Petroglyphs at Thousand Hills State Park
The Ioway, Missouria, and Otoe were not the first tribes to inhabit the area of Northeastern Missouri. In the years before these three tribes arrived, around 1100 C.E. to 1600 C.E., a Mississippian Culture tribe was present. This tribe was of the Southeastern Ceremonial Complex and is believed to have created the petroglyphs pictured to the right and below. Petroglyphs are images carved into rocks. The petroglyphs at Thousand Hills State Park are one of the few items created by Native Americans that is still present in the Kirksville landscape.

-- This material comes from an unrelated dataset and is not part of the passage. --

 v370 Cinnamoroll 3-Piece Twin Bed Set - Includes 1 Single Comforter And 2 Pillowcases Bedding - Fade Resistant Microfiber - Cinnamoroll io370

The Mississippian Culture tribe that is believed to inhabit this area is the Oneota. Some scholars believe that the Ioway, Missouria, Otoe, Ho-Chunk, Ponca, and various other tribes were descendants of this nation. Additionally, while the Oneota tribe shares some characteristics with other Mississippian cultures such as those found in Cahokia, they are considered a distinct nation.
Sadly, as can be seen on the picture to the right, there has been some defacing of these petroglyphs as people have carved their names into the rocks.

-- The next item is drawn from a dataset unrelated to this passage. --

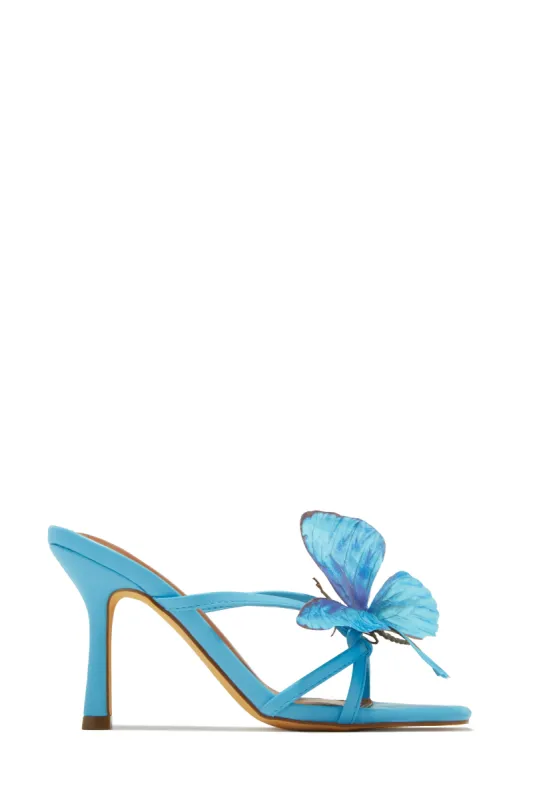 Mariposa Butterfly Mule Heels - Blue sold by Miss Lola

Hirst, K. Kris. “The Oneota Culture – Last Prehistoric Culture of the American Midwest.” ThoughtCo, Jun. 22, 2018, thoughtco.com/oneota-culture-of-the-american-midwest-167045.
“Thousand Hills State Park Petroglyphs Archeological Site – Kirksville, Missouri.” Waymark, 29 June 2013, www.waymarking.com/waymarks/WMHE85_Thousand_Hills_State_Park_Petroglyphs_Archeological_Site_Kirksville_Missouri. Accessed 15 November 2018.